■ EXERCISE GOAL
The copy you produce must repeat each record exactly and contain no pictures.

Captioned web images
^^^^^^^^
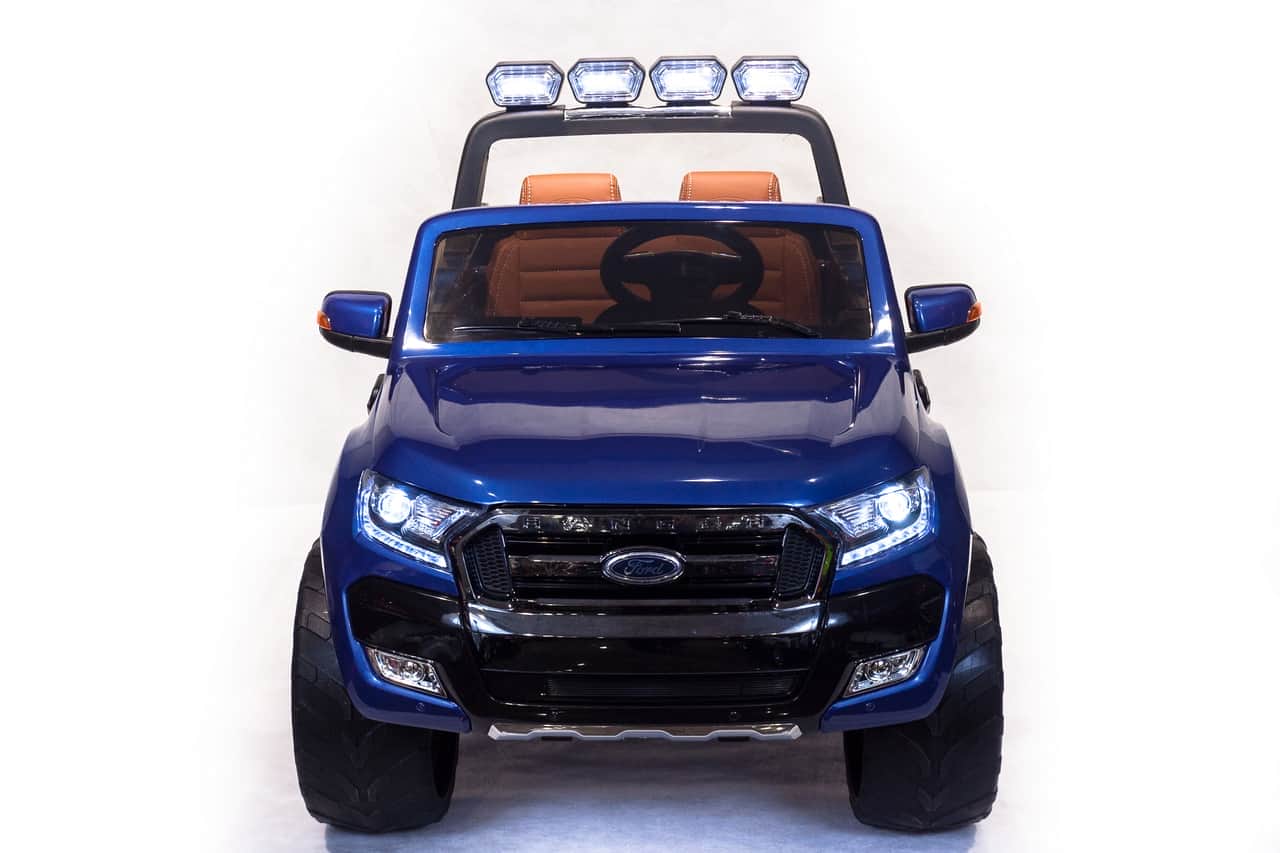 картинка Джип Ford Ranger New 4х4 F650 Синий краска 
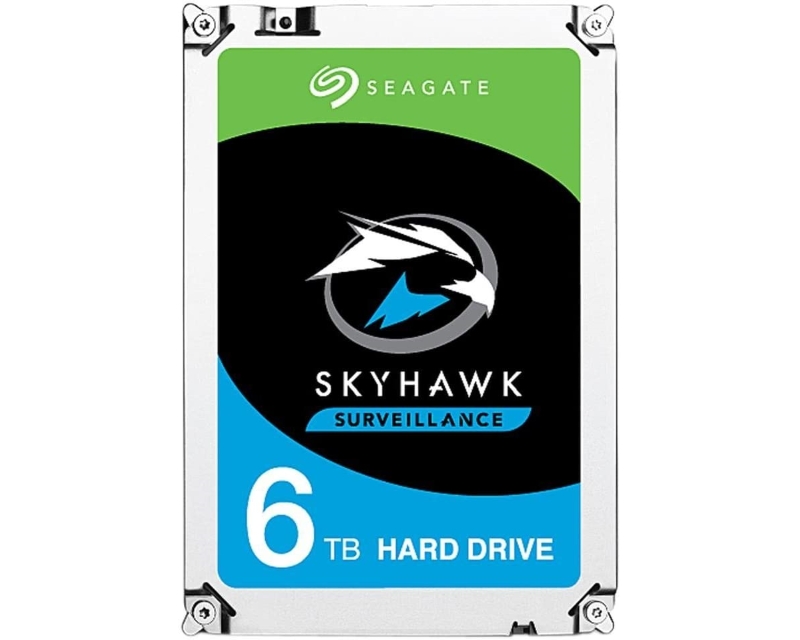 6TB 3.5" SATA III 256MB ST6000VX001 SkyHawk Surveillance hard disk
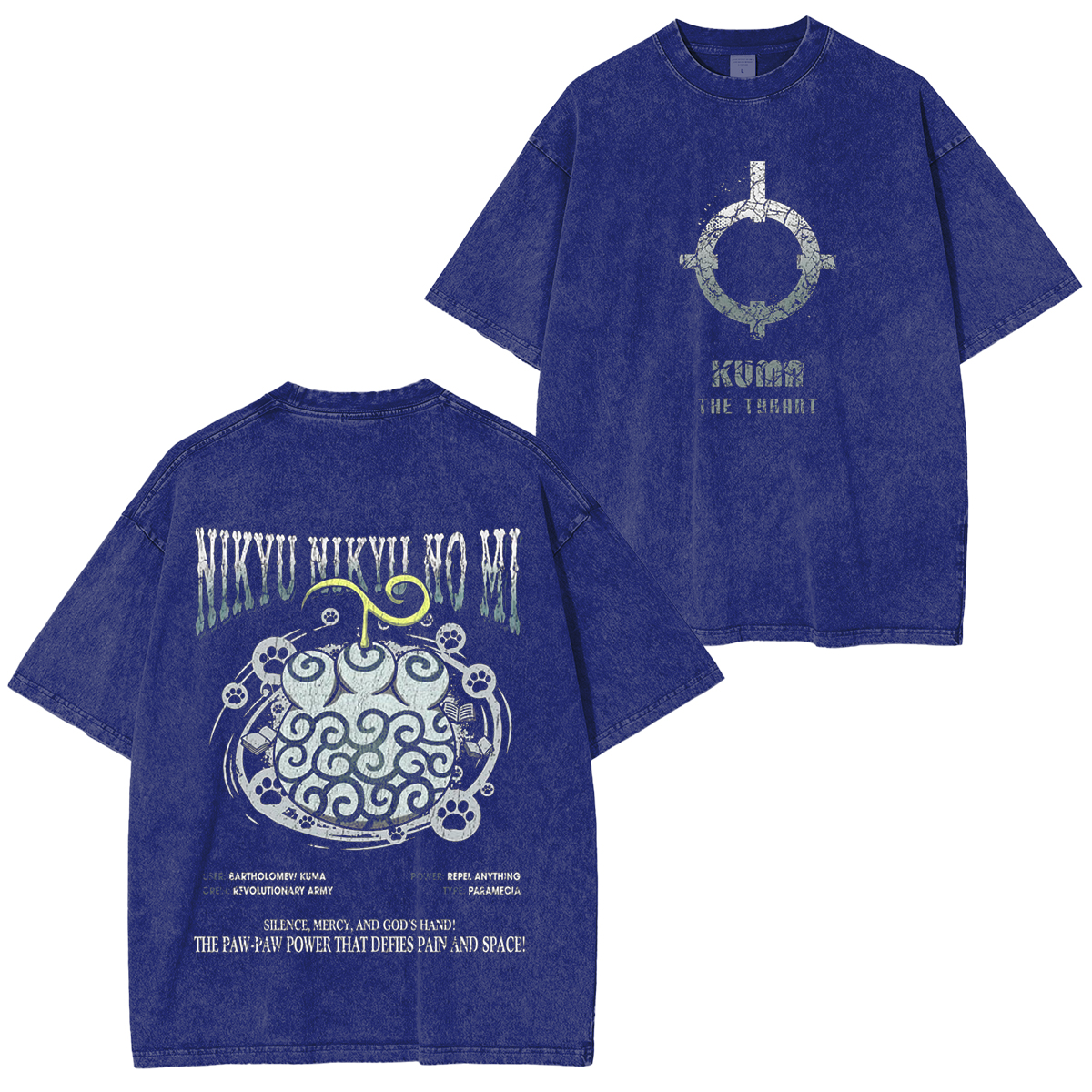 One Piece Vintage Washed T-shirt/Crewneck/Hoodie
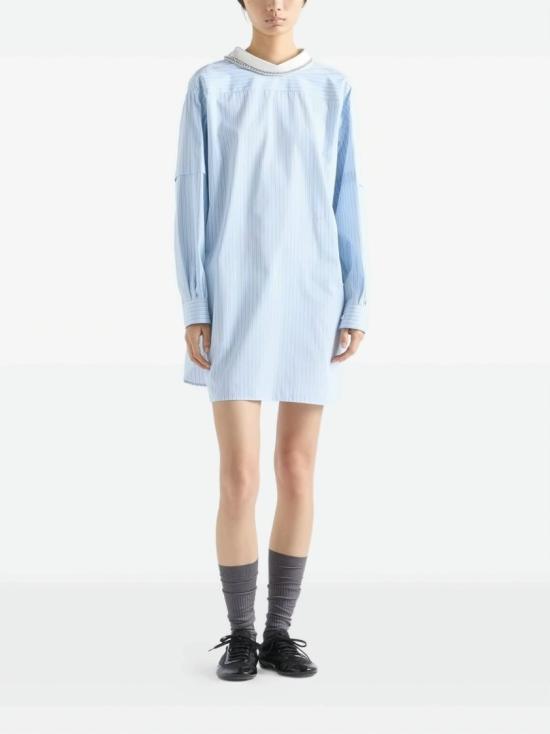 26SS 프라다 탑 P953NR17NDS OOOF0C9N Blue - PRADA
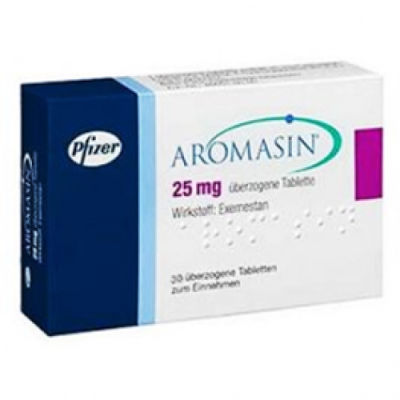 Aromasin - Exemestane 25mg/30tabs - NovoPharm 6 Aromasin Exemestane 25mg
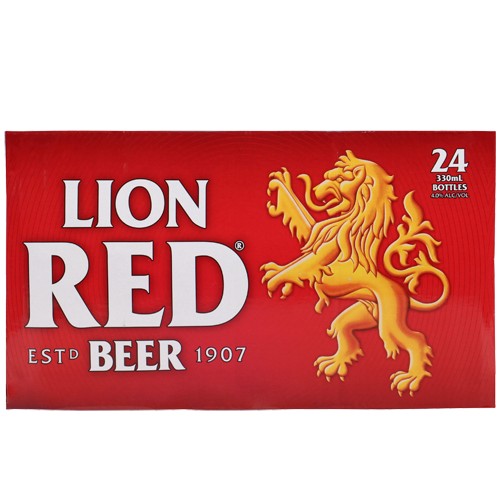 Lion Red 24pk Btls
^^^^^^^^
■ TASK RESULT
 картинка Джип Ford Ranger New 4х4 F650 Синий краска 
 6TB 3.5" SATA III 256MB ST6000VX001 SkyHawk Surveillance hard disk
 One Piece Vintage Washed T-shirt/Crewneck/Hoodie
 26SS 프라다 탑 P953NR17NDS OOOF0C9N Blue - PRADA
 Aromasin - Exemestane 25mg/30tabs - NovoPharm 6 Aromasin Exemestane 25mg
 Lion Red 24pk Btls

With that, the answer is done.